Der Trend zu Casual Games, also zu einfachen Spielen mit kurzer Dauer, zeichnet sich ja auch unabhängig von Neuentwicklungen wie Nintendos Wii ab. Wer schon länger spielt, wundert sich, dass heute altes Zeug wieder populär wird, das sich im Prinzip seit Jahren nicht verändert hat. Woher kommt das?

Die Spiele sind schon deshalb anders als früher, weil sich der Zugang wesentlich vereinfacht hat. Allein durch moderne Eingabegeräte wird alles viel einfacher, nehmen wir einen Controller in Form einer Gitarre für ein Musikspiel. Oder eine Kamera, die Bewegungen ins Spiel übernimmt. Wenn man sich im Vergleich einen Hardcore-Strategiespieler anschaut, der seine Tastenkombinationen beherrscht wie ein Klavierspieler, dann sieht man, dass der Zugang zu Spielen viel leichter und vielfältiger geworden ist als früher.

Sie sind seit 14 Jahren in der Videospielbranche.
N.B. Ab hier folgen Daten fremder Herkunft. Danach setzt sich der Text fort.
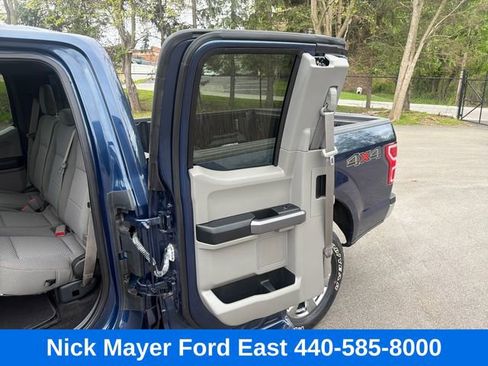 Used 2019 Ford F150 XLT w/ Equipment Group 302A Luxury AWD/4WD image 18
Wenn Sie diese Zeit Revue passieren lassen: Ist die Industrie jetzt auf einem Stand, wie Sie ihn immer erwartet hätten?

Insgesamt bin ich zufrieden mit der Entwicklung der Branche. Die Industrie wächst seit Jahren jährlich zweistellig. Und es ist schön zu sehen, dass das Thema interaktive Unterhaltung immer mehr Akzeptanz erfährt. Ich finde außerdem, dass Spielen schlau machen kann. Man konsumiert nicht passiv, sondern muss komplexe Aufgaben lösen.

Spielen Sie eigentlich selbst? Vielleicht, um die Konkurrenz zu beobachten?

Gelegentlich spiele ich. Aber wir haben natürlich Experten, die sich intensiv mit dem Markt beschäftigen. Und wenn man so lange in der Branche ist wie ich, entwickelt man auch ein Gespür dafür, welche Trends sich gerade entwickeln, welche Produkte funktionieren.

Mischen Sie sich auch unters Messevolk, hier auf der Games Convention?

Tatsächlich werde ich am Samstag, wenn die meisten Besucher kommen, an unserem Stand sein, und zwar ohne Anzug und Krawatte. Dann gucke ich genau hin: Wo stehen die Menschenmassen? Wann kommt man schon einmal so nah an seine Kunden heran? Es gibt natürlich Marktforschung, aber das ist doch etwas anderes als der direkte Kontakt.

Die Games Convention zum letzten Mal in Leipzig. Was sagen Sie dazu?

Zunächst müssen wir alle den Organisatoren ein großes Dankeschön aussprechen. Hier wurden wir mit offenen Armen empfangen, als andere Messestandorte die Spielebranche nicht haben wollten. Und es hat sich fantastisch entwickelt. Dieses Jahr ist mit 200.000 Besucher zu rechnen, das ist super. Allerdings haben sich der Markt und die Rahmenbedingungen mit der Zeit auch verändert.

Jetzt kommt also das "Aber" ...

Ich sehe das Ganze inzwischen von einem europäischen Standpunkt. Es gibt eine Messe in Deutschland, dann ist in Frankreich die IDEF, und in Großbritannien machen einige Hersteller eigene Events. Wir brauchen aber eine zentrale europäische Leitmesse. Wo immer die dann sein würde. Für uns als Publisher ist es wichtig, einmal im Jahr Handel und Presse zusammenzubringen. Beim Endverbraucher sieht das schon anders aus.

Wie meinen Sie das?

Ich halte es für immer schwieriger, die Spieler alle an einem Ort zu versammeln, weil die Produkte immer unterschiedlicher werden und verschiedene Zielgruppen haben. Wir müssen uns fragen, wo wir unsere Kunden abholen. Mit einem Gitarrengame muss ich eigentlich zu "Rock am Ring". Die Frage ist: Was ist die Zukunft der Consumer-Ansprache? Das sind, glaube ich, eher einzelne gezielte Veranstaltungen als ein großes Event.